Material provided -
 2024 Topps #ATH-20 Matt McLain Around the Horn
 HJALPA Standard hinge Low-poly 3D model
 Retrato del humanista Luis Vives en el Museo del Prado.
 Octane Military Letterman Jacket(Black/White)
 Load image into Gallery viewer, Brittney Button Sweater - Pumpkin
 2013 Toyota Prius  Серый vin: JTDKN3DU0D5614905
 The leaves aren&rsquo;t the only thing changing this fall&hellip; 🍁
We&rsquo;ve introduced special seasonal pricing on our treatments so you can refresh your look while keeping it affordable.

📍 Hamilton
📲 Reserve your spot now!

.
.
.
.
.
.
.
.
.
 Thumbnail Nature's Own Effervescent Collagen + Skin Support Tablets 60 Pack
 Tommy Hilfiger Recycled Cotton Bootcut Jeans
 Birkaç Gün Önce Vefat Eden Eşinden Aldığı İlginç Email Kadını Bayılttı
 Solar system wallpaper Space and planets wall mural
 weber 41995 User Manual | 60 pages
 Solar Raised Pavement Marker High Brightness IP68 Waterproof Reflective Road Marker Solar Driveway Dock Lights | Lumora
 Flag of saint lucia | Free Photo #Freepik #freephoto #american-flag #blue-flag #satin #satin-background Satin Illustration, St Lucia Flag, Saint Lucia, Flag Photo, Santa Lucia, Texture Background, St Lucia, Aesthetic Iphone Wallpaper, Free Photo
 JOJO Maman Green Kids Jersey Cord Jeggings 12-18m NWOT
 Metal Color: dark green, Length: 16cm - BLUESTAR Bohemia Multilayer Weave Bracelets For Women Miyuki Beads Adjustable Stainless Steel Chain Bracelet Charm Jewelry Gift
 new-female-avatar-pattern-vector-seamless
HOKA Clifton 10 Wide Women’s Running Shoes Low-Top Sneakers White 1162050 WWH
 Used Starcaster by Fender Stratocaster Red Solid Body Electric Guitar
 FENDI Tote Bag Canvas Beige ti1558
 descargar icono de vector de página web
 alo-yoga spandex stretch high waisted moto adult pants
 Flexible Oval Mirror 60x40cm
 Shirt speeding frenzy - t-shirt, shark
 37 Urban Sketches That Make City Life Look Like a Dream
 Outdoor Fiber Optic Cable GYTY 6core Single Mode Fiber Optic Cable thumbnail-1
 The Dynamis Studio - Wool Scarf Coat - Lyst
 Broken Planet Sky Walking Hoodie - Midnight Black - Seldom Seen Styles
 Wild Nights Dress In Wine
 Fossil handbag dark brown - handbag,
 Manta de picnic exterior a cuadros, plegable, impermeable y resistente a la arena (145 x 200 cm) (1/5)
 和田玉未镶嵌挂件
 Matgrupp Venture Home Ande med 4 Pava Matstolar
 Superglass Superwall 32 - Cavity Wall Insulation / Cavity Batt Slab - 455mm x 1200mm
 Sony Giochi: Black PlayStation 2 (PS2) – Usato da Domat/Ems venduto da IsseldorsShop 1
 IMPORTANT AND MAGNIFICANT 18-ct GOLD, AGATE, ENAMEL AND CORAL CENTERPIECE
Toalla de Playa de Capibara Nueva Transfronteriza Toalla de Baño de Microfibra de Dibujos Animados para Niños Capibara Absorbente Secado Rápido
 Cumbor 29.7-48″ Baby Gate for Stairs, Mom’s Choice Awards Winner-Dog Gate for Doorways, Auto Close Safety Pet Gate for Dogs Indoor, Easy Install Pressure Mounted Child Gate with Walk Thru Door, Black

Task details - Transcribe the listing above line for line, from the first line to the line containing "new-female-avatar-pattern-vector-seamless", inclusive, with no other lines.

Expected answer -
 2024 Topps #ATH-20 Matt McLain Around the Horn
 HJALPA Standard hinge Low-poly 3D model
 Retrato del humanista Luis Vives en el Museo del Prado.
 Octane Military Letterman Jacket(Black/White)
 Load image into Gallery viewer, Brittney Button Sweater - Pumpkin
 2013 Toyota Prius  Серый vin: JTDKN3DU0D5614905
 The leaves aren&rsquo;t the only thing changing this fall&hellip; 🍁
We&rsquo;ve introduced special seasonal pricing on our treatments so you can refresh your look while keeping it affordable.

📍 Hamilton
📲 Reserve your spot now!

.
.
.
.
.
.
.
.
.
 Thumbnail Nature's Own Effervescent Collagen + Skin Support Tablets 60 Pack
 Tommy Hilfiger Recycled Cotton Bootcut Jeans
 Birkaç Gün Önce Vefat Eden Eşinden Aldığı İlginç Email Kadını Bayılttı
 Solar system wallpaper Space and planets wall mural
 weber 41995 User Manual | 60 pages
 Solar Raised Pavement Marker High Brightness IP68 Waterproof Reflective Road Marker Solar Driveway Dock Lights | Lumora
 Flag of saint lucia | Free Photo #Freepik #freephoto #american-flag #blue-flag #satin #satin-background Satin Illustration, St Lucia Flag, Saint Lucia, Flag Photo, Santa Lucia, Texture Background, St Lucia, Aesthetic Iphone Wallpaper, Free Photo
 JOJO Maman Green Kids Jersey Cord Jeggings 12-18m NWOT
 Metal Color: dark green, Length: 16cm - BLUESTAR Bohemia Multilayer Weave Bracelets For Women Miyuki Beads Adjustable Stainless Steel Chain Bracelet Charm Jewelry Gift
 new-female-avatar-pattern-vector-seamless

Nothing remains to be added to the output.